*WHAT TO DO*.
What lines in the records below mention "Therapy"? List them all.

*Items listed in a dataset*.
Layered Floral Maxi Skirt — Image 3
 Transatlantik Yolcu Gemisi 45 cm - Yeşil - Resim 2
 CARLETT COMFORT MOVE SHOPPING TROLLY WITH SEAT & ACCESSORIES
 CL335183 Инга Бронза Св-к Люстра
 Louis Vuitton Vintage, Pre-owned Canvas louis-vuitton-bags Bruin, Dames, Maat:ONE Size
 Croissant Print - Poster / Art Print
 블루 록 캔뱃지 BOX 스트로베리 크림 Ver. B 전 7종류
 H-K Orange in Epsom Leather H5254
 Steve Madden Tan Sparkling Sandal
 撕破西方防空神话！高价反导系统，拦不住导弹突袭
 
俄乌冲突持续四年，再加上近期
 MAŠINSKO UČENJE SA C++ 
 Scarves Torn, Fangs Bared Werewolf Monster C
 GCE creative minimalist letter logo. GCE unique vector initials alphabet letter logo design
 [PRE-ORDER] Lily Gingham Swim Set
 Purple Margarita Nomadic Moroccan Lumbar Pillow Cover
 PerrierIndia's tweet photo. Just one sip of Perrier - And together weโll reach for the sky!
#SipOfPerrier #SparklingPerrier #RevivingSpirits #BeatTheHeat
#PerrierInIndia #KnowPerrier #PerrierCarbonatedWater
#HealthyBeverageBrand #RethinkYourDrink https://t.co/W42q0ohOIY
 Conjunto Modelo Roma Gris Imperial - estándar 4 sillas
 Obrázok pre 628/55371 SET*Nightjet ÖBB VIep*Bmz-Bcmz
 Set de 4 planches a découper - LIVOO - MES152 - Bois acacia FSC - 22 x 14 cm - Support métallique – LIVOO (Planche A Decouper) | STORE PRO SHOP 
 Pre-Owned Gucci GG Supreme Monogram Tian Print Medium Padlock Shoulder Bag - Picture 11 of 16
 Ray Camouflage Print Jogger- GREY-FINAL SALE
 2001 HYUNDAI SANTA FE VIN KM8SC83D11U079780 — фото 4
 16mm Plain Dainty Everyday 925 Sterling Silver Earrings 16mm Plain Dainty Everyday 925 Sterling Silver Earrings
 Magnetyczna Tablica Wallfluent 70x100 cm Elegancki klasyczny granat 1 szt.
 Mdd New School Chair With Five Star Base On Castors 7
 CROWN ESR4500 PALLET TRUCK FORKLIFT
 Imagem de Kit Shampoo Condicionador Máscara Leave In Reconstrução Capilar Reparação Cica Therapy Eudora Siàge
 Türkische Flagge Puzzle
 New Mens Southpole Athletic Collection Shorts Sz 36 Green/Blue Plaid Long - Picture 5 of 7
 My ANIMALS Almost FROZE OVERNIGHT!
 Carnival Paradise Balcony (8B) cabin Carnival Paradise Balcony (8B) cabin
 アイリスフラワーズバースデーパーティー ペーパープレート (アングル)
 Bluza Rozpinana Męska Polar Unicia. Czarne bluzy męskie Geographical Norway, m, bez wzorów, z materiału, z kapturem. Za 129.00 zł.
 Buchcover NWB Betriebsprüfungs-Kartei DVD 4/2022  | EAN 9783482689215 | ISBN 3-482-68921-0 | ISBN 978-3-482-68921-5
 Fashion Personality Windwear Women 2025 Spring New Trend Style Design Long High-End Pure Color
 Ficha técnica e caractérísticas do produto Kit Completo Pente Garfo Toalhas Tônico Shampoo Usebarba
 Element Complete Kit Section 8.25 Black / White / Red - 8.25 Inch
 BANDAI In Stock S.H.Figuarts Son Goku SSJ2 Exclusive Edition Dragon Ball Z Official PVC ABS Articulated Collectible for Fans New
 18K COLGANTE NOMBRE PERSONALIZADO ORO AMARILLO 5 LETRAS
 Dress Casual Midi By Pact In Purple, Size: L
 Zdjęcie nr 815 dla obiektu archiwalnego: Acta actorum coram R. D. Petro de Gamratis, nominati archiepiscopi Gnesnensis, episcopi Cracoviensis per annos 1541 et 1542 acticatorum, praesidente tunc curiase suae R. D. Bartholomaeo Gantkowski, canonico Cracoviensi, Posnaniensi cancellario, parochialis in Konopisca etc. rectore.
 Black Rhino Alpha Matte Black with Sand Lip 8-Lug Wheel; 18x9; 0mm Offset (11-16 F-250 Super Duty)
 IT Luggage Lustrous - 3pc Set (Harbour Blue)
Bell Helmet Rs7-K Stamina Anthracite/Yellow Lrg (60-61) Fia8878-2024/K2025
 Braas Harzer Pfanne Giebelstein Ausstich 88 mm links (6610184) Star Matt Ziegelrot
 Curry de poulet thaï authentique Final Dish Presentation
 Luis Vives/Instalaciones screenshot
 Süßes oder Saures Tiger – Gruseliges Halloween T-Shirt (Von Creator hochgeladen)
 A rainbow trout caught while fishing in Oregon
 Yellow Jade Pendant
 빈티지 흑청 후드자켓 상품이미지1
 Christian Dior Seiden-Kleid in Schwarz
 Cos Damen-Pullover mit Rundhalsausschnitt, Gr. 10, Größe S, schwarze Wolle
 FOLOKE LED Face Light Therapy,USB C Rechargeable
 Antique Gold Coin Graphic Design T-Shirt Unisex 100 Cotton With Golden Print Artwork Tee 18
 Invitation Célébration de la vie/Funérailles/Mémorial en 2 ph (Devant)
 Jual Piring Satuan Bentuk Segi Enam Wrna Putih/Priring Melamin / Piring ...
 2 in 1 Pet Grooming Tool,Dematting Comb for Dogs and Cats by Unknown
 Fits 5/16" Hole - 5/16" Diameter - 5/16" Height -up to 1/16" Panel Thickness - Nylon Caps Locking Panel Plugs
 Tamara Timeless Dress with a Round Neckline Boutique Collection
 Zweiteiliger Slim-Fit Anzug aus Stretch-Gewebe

*SOLUTION FOR THIS PROBLEM*.
 Imagem de Kit Shampoo Condicionador Máscara Leave In Reconstrução Capilar Reparação Cica Therapy Eudora Siàge
 FOLOKE LED Face Light Therapy,USB C Rechargeable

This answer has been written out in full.